Israel determined to stop flytilla

This Sunday is one of the busiest travel days of the year at Tel Aviv's Ben Gurion Airport. It's the day after Passover (Passover for Israelis actually ends on Friday, but the country's national airline doesn't fly on the Sabbath, and the airport runs a very limited Saturday schedule, so de facto, Sunday will be one of the busiest travel days of the year).

Pro-'Palestinian' 'activists' have chosen Sunday for Flytilla 2, an event that crash landed last year after hundreds of Europeans were denied boarding by airports around Europe. According to Israel Television, the 'activists' believe that this year they will be allowed to board because last year the airlines had to pay them compensation (it's not clear to me whether that was any more than a refund of the ticket prices). But this article from YNet makes it sound like they're afraid that Israel is going to foil them again.
Israel vowed Tuesday to prevent the entry of hundreds of pro-Palestinian activists from Europe and North America expected to arrive in the country this weekend, calling them provocateurs who are intent on disturbing public order.

The activists are set to board flights to Israel with the aim of participating in demonstrations against Israeli policy in the West Bank. Although organizers say all protests will be peaceful, Israeli officials said the activists would be deported.

“The provocateurs will be dealt with in a determined and quick way,” said Israel’s public security minister, Yitzhak Aharonovitch.

“If they arrive in Israel they will be identified, removed from the plane, their entry into Israel will be prevented and they will be moved to a detention facility until they are flown out of Israel.”
Read the whole thing.
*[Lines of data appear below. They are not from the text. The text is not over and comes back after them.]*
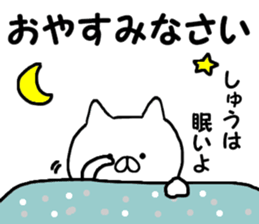 Name Sticker shu can be used sticker #13296525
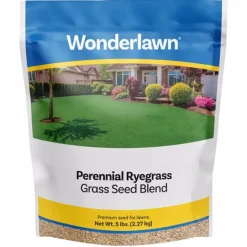 Barenbrug Wonderlawn Perennial Ryegrass Partial Shade/Sun Grass Seed 5 lb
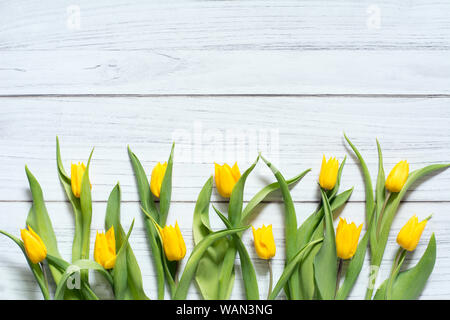 Feder Grenze mit doppelte Reihe von gelben Tulpen auf weißem Holz- Hintergrund Stockfoto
The 'activists' claim they have a 'right' to enter 'Palestine,' but 'Palestine' doesn't exist and they're asking to land in Israel's national airport and will have to pass through Israeli passport control if they make it here. Every country has the right to decide who is permitted to enter and who is not. That's why France warned its citizens (many of whom were among those denied boarding last year) last week not to participate in the flytilla.
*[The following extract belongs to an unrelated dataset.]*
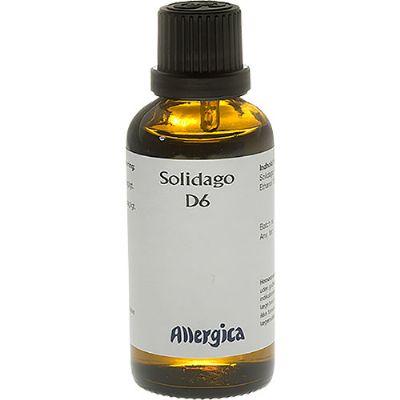 Solidago D6 50 ml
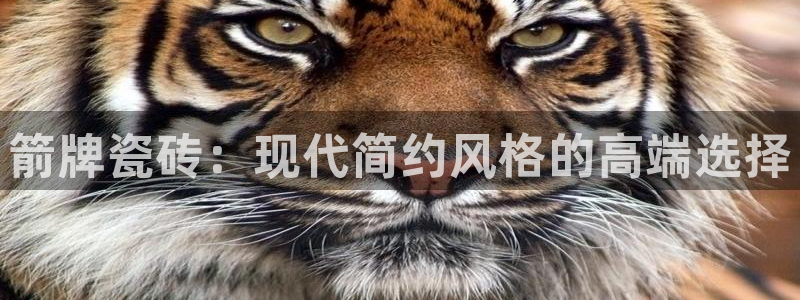 富联娱乐首页官网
Last year, the airlines abandoned 'activists' who were arrested by Israel. They came in July, at the height of the tourist season, and the airlines refused to bump paying passengers to let the 'activists' out of jail to return home. About 50 'activists' managed to slip through passport control, which was far fewer than the number who spent time in Israeli jails, and far, far fewer than the numbers denied boarding in Europe.

Sounds like Sunday could be fun. Heh.